Beyond Epsilon: A Principled QIF Framework for Local Differential Privacy
Pith reviewed 2026-06-29 17:37 UTC · model grok-4.3
The pith
LDP mechanisms can be compared by whether one is less informative than another to every possible adversary via channel refinement.
A machine-rendered reading of the paper's core claim, the machinery that carries it, and where it could break.
Core claim
Modeling each LDP frequency estimation protocol as a probabilistic channel and applying the refinement (Blackwell) order from quantitative information flow determines when one protocol is intrinsically superior because it produces less information leakage for every possible adversary and prior; this ordering reveals that some protocols previously considered optimal are in fact dominated by others or incomparable to them.
What carries the argument
Refinement (Blackwell ordering) on probabilistic channels that represent LDP mechanisms, which decides strict superiority by comparing leakage to all adversaries.
If this is right
- Some protocols with identical epsilon values are strictly superior to others under the refinement order for all adversaries.
- Utility-driven rankings that rely only on epsilon can conflict with adversary-aware superiority.
- The seven examined protocols receive a complete classification into comparable and incomparable pairs under refinement.
- The framework supplies a formal basis for choosing among LDP mechanisms that accounts for the full attacker model rather than only worst-case distinguishability.
Where Pith is reading between the lines
- The same channel-refinement technique could be applied to compare LDP protocols on tasks other than frequency estimation.
- Protocol designers could target mechanisms that achieve the lowest possible position in the refinement order rather than only meeting an epsilon bound.
- The approach connects LDP analysis directly to existing formal-methods tools for information-flow comparison.
Load-bearing premise
Modeling LDP mechanisms as probabilistic channels and using Blackwell ordering captures the relevant distinctions for which protocol is superior against all possible adversaries in frequency estimation.
What would settle it
An explicit adversary and input distribution for which a protocol declared dominated under refinement actually produces lower leakage than the protocol declared to dominate it.
Figures
read the original abstract
Local Differential Privacy (LDP) has become the de facto standard for privacy-preserving data collection in large-scale systems, in particular for the purpose of estimating frequencies.

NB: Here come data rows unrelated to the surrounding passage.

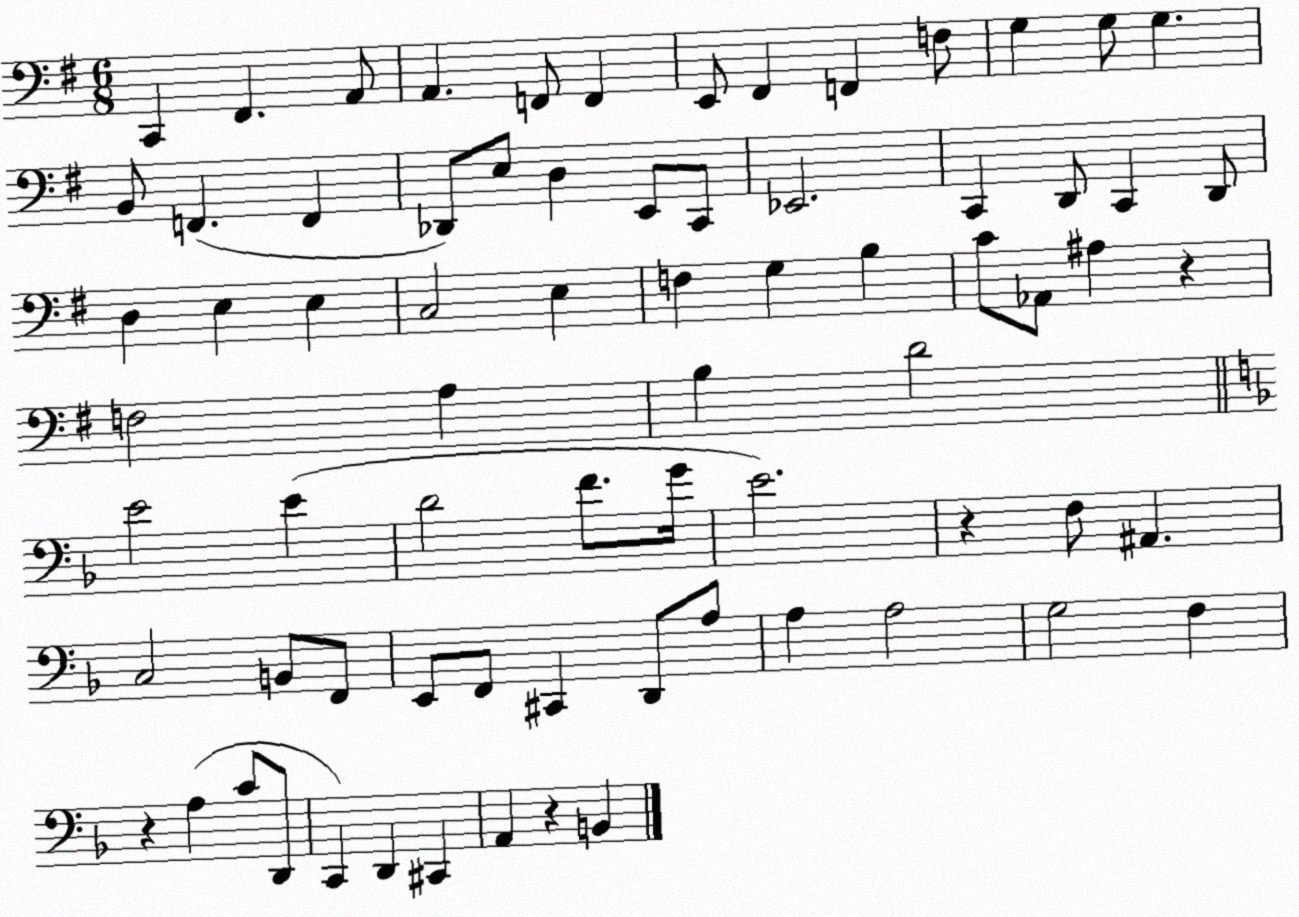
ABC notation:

X:1
T:Untitled
M:6/8
L:1/4
K:G
C,, ^F,, A,,/2 A,, F,,/2 F,, E,,/2 ^F,, F,, F,/2 G, G,/2 G, B,,/2 F,, F,, _D,,/2 E,/2 D, E,,/2 C,,/2 _E,,2 C,, D,,/2 C,, D,,/2 D, E, E, C,2 E, F, G, B, C/2 _A,,/2 ^A, z F,2 A, B, D2 E2 E D2 F/2 G/4 E2 z F,/2 ^A,, C,2 B,,/2 F,,/2 E,,/2 F,,/2 ^C,, D,,/2 A,/2 A, A,2 G,2 F, z A, C/2 D,,/2 C,, D,, ^C,, A,, z B,,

However, the current research landscape lacks a systematic and principled way to compare LDP protocols. The parameter $\varepsilon$ of LDP is considered the measure of privacy, but it only bounds worst-case distinguishability. Other comparisons rely on utility-driven analyses, where mechanisms are ranked based on their ability to preserve data utility for a given privacy budget $\varepsilon$. Both such kinds of comparisons fail to account for the strength of protocols against diverse attacker models. In this paper, we propose a framework for analyzing LDP frequency estimation protocols through the lens of Quantitative Information Flow (QIF). By modeling LDP mechanisms as probabilistic channels, we leverage the concept of refinement (Blackwell ordering) to establish more principled classifications. This approach allows us to determine when one protocol is intrinsically superior to another for all possible adversaries, and to discuss the implications for utility. In particular, our analysis uncovers cases where protocols previously deemed "optimal" are, in fact, incomparable with, or strictly dominated by, other protocols. We provide a formal QIF-based treatment of seven state-of-the-art protocols, including Generalized Randomized Response (GRR), local hashing variants (BLH, OLH), unary encoding schemes (SUE, OUE), and Thresholding with Histogram Encoding (THE). This perspective bridges the gap between the LDP and formal methods communities and enables principled, adversary-aware reasoning about locally private systems.
Editorial analysis
A structured set of objections, weighed in public.
Referee Report
Summary. The paper introduces a QIF-based framework for comparing LDP frequency-estimation protocols by modeling each as a probabilistic channel from private value to reported value and applying Blackwell refinement (ordering) to determine when one protocol is intrinsically superior to another against all possible adversaries. It applies this to seven protocols (GRR, BLH, OLH, SUE, OUE, THE) and claims to identify cases where previously optimal protocols are incomparable or dominated.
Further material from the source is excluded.